Depuis 2006, l’Agence nationale de sécurité sanitaire de l’alimentation, de l’environnement et du travail (Anses) n’émettait qu’un avis sur les dossiers d’autorisation de mise sur le marché (AMM) soumis par les industriels ; la décision d’autorisation ou non de ces produits était prise par le Ministère de l’Agriculture. Suite à la loi du 13 octobre 2014 d’Avenir pour l’agriculture, l’alimentation et la forêt, l’Anses aura en charge l’ensemble de ces missions à partir du 1er juillet 2015.
Pour mener à bien la gestion des AMM, l’Anses va créer une direction séparée de sa direction de l’évaluation des risques. L’Agence veut ainsi assurer l’indépendance des deux activités en toute transparence. Elle estime avoir besoin d’environ 35 équivalent temps pleins pour la prise en charge de ses nouvelles missions. La loi de Finances prévoit la création de 10 nouveaux postes pour 2015, 15 autres devraient être pourvus cette année par réaffectation de postes en interne. Pour les 10 postes restants, l’Anses espère les obtenir de l’Etat en 2016.
Phytopharmacovigilance : suivre la réalité sur le terrain
La loi d’avenir agricole prévoit aussi de renforcer les dispositifs de contrôle des produits autorisés sur le terrain. L’objectif est de suivre les effets éventuels des pesticides sur la santé humaine, que cela soit pour les travailleurs ou la population générale. Mais l’environnement n’est pas en reste : l’agence devra surveiller la santé des écosystèmes, de la faune et de la flore et les contaminations des milieux par les pesticides. Ainsi, si des signes montrant la toxicité d’un produit s’accumulent sur le terrain, l’Anses devra réagir rapidement pour reconsidérer l’AMM. « Une fois le produit sur le marché, il faut être capable d’être attentif à tout signal qui pourrait nous amener à remettre en cause telle ou telle décision au niveau de l’AMM », précise Marc Mortureux, directeur de l’Anses. C’est ce que la loi appelle la « phytopharmacovigilance ».
Améliorer les dispositifs existants
L’Anses n’a pas d’unités présentes sur le terrain.
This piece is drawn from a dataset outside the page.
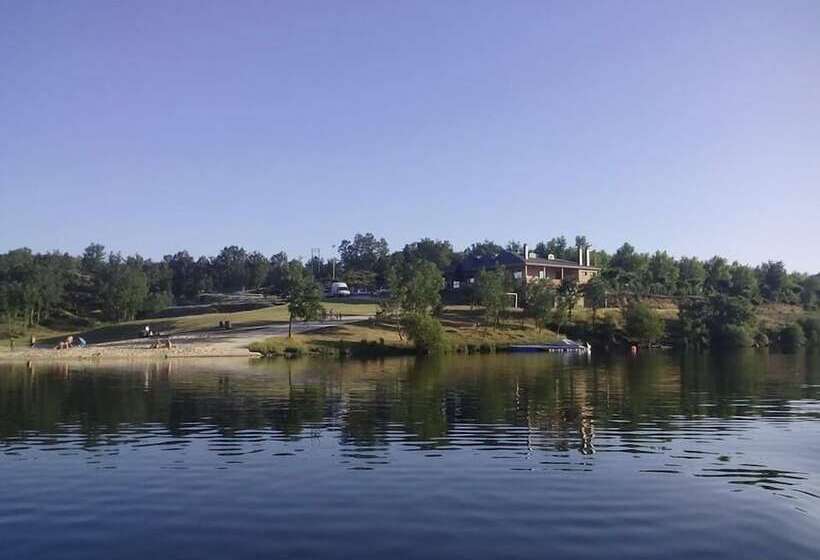 هتل Camping Los Molinos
Pour la phytopharmacoviligance, il lui faut donc miser sur la structuration des systèmes existants. «Ce dispositif va être mis en place dès cette année et va s’appuyer sur une série d’organismes qui dans différents domaines collectent un certain nombre de données», prévient Marc Mortureux.
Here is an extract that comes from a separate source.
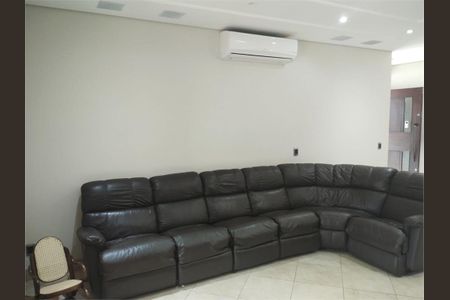 Casa à venda com 488m², 5 quartos e 3 vagas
Différents dispositifs de collecte d’information pilotés par divers acteurs publics recueillent en effet d’ores et déjà de nombreuses informations relatives aux effets sanitaires des pesticides. Le principal défi ne consiste donc pas à créer de nouveaux dispositifs de collecte d’informations nouveaux, mais à les renforcer et permettre l’interprétation d’un point de vue sanitaire des données apportées. «Il reste un gros travail à faire pour avoir un dispositif beaucoup plus réactif, mieux adapté à cet objectif», assure Marc Mortureux.
L’agence se verra néanmoins doter d’une petite capacité propre d’inspection. « C’est important, lorsqu’il y aura un événement d’avoir des personnes qui pourront aller concrètement constater sur le terrain et récupérer toutes les données utiles », reconnait Marc Mortureux. Ces moyens permettront aussi de mettre en oeuvre des campagnes de contrôle des produits phytosanitaires déjà présents sur le marché pour «vérifier la conformité de ces produits mis sur le marché par rapport aux dossiers tels qu’ils sont déposés», précise-t-il. L’agence aura également la possibilité de mener des études indépendantes ciblées pour mieux documenter certaines interrogations.
Concernant les nouveaux produits, l’Agence aura la possibilité de comparer leur toxicité à celle de produits déjà présents sur le marché. Pour les substances actives, qualifiées de « candidates à la substitution », si des produits moins dangereux et aussi efficaces sont déjà présents sur le marché, l’AMM ne sera pas accordée.
Des études sur les pesticides attendus pour cette année
Les résultats de l’expertise sur les expositions des travailleurs agricoles aux pesticides et les conclusions de l’étude Pesti’home sur les utilisations domestiques des pesticides sont attendus d’ici la fin de l’année pour la France métropolitaine.
Par ailleurs, l’Anses a été saisie en 2014 pour contribuer à la définition de modalités d’une surveillance nationale des pesticides présents dans l’air ambiant. D’ici la fin de l’année, elle établira une liste prioritaire de 10 à 20 pesticides à surveiller dans l’air en France métropolitaine, puis début 2016, dans les régions d’outre-mer. Elle proposera également une stratégie d’échantillonnage pour évaluer l’exposition de la population aux pesticides dans l’air.